Clemens Valens

The knifefish: a (power) source of inspiration

February 26, 2018 | 10:58

The ongoing integration of technology into living organisms requires some form of power source that is biocompatible, flexible, and able to draw energy from inside a biological system. Generating electricity inside the body might provide sustained power for implantable devices such as heart pacemakers, sensors, drug delivery pumps, and prosthetics, but also for wearable devices.

Electric eel inspires new power source
Source: University of Fribourg

Looking to nature for inspiration

In the hope to find a solution for this problem, researchers at the Swiss University of Fribourg’s Adolphe Merkle (not Angela Merkel) Institute (AMI), the University of Michigan, and the University of California San Diego have studied in close detail the electric eel, also known as knifefish.

Many small makes a great

The eel’s electric organ, spanning about 80% of its body, consists of parallel stacks of long and thin cells known as electrocytes. Triggered by the brain, these cells each generate a small voltage by allowing sodium ions to rush into one side of the cell while potassium ions run out on the other side. The resulting potential can reach 600 volts.

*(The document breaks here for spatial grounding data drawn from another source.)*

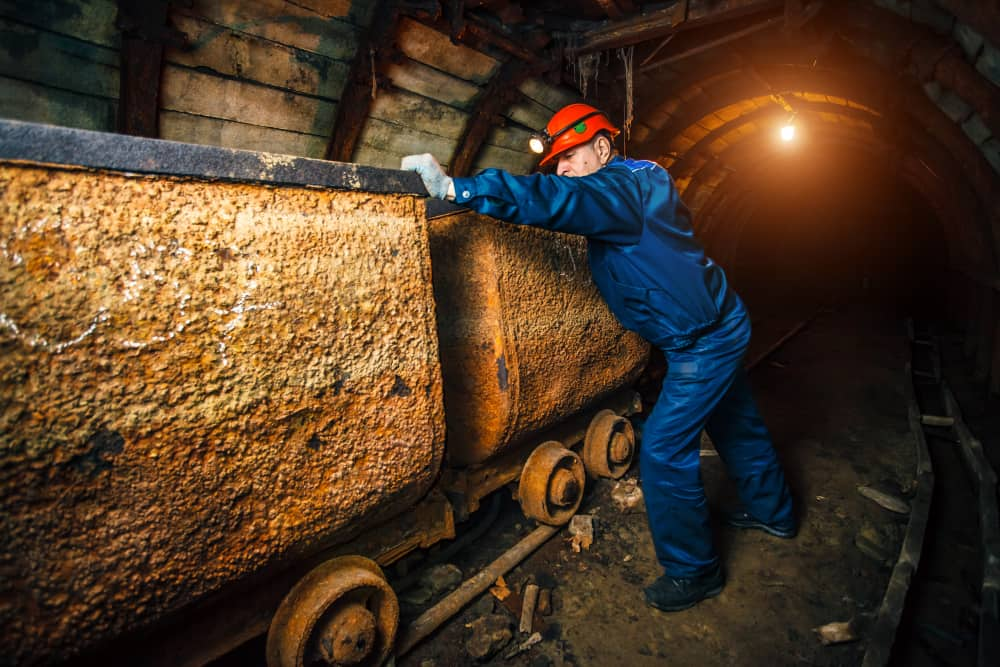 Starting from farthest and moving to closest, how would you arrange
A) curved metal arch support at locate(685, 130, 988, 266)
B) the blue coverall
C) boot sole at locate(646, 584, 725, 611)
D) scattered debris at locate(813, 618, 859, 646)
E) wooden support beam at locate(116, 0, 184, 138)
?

Inspired by this principle the scientists designed a power source that generates electricity based on the salinity difference between compartments of fresh water and salt water separated by ion-selective membranes. Putting several hundred of such compartments in series makes it possible to generate 110 volts just from salt and water.

Space technology & 3D printing

To trigger all the cells at the same time the researchers used a printed sheet originally developed to unfold solar panels in space.

Each component of this power source is made of a hydrogel, a solid-seeming polymer cage that contains water and can conduct salt ions. These components can be assembled on clear plastic sheets using a commercial 3D printer.

Not there yet

The results are still far from matching the capacities of the eel. Tapping into the body’s metabolic energy resources remains the major difficulty. Several avenues are open for exploration like mobilizing ion differences in for instance stomach fluids, or by converting mechanical muscle energy to electrical energy.